4.Returning Company Documents.  The Consultant agrees that at the time of termination of the relationship with the Company, the Consultant will deliver to the Company (and will not keep in the Consultant’s possession, recreate or deliver to anyone else) any and all Proprietary Information and any and all devices, records, data, notes, reports, proposals, lists, correspondence, specifications, drawings, blueprints, sketches, laboratory notebooks, materials, flow charts, equipment, other documents or property, or reproductions of any of the aforementioned items developed by the Consultant during the relationship or otherwise belonging to the Company, its successors or assigns.  The Consultant further agrees that any property situated on the Company’s premises and owned by the Company, including disks and other storage media,

Exhibit C

Page 3


filing cabinets or other work areas, is subject to inspection by Company personnel at any time with or without notice.  In the event of the termination of the relationship, the Consultant agrees to sign and deliver the “Termination Certification” attached to and made a part of this Confidentiality Agreement as Attachment A.

5.Notification to Other Parties.    In the event that the Consultant’s engagement to provide consulting services to the Company is terminated, the Consultant hereby consents to notification by the Company to any third party engaging the Consultant’s services as an employee, consultant or independent contractor about the Consultant’s rights and obligations under this Confidentiality Agreement.
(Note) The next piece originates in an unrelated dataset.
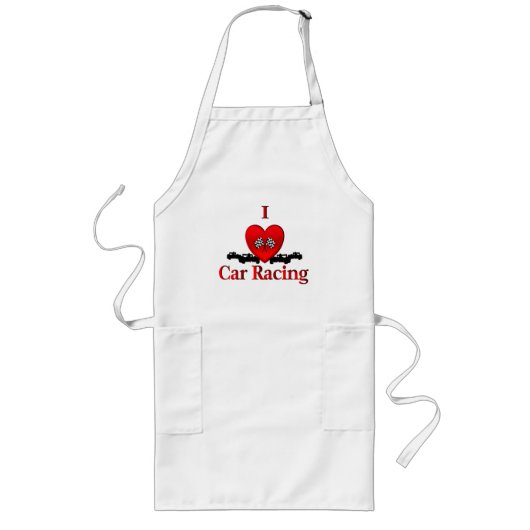 I Heart Car Racing Schort (Voorkant)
6.Solicitation of Employees, Consultants and Other Parties.  The Consultant agrees that during the term of the relationship with the Company, and for a period of twelve (12) months immediately following the termination of the relationship with the Company for any reason, whether with or without cause, the Consultant shall not either directly or indirectly solicit, induce, recruit or encourage any of the Company’s employees or consultants to terminate their relationship with the Company, or take away, hire or otherwise engage the services of such employees or consultants, or attempt to solicit, induce, recruit, encourage or take away, employees or consultants of the Company, either for the Consultant or for any other person or entity without the express written consent of the Company.  Further, for a period of twelve (12) months following termination of the relationship with the Company for any reason, with or without cause, the Consultant shall not solicit any licensor to or customer of the Company or licensee of the Company’s products, in each case, that are known to the Consultant, with respect to any business, products or services that are competitive to the products or services offered by the Company or under development as of the date of termination of the relationship with the Company.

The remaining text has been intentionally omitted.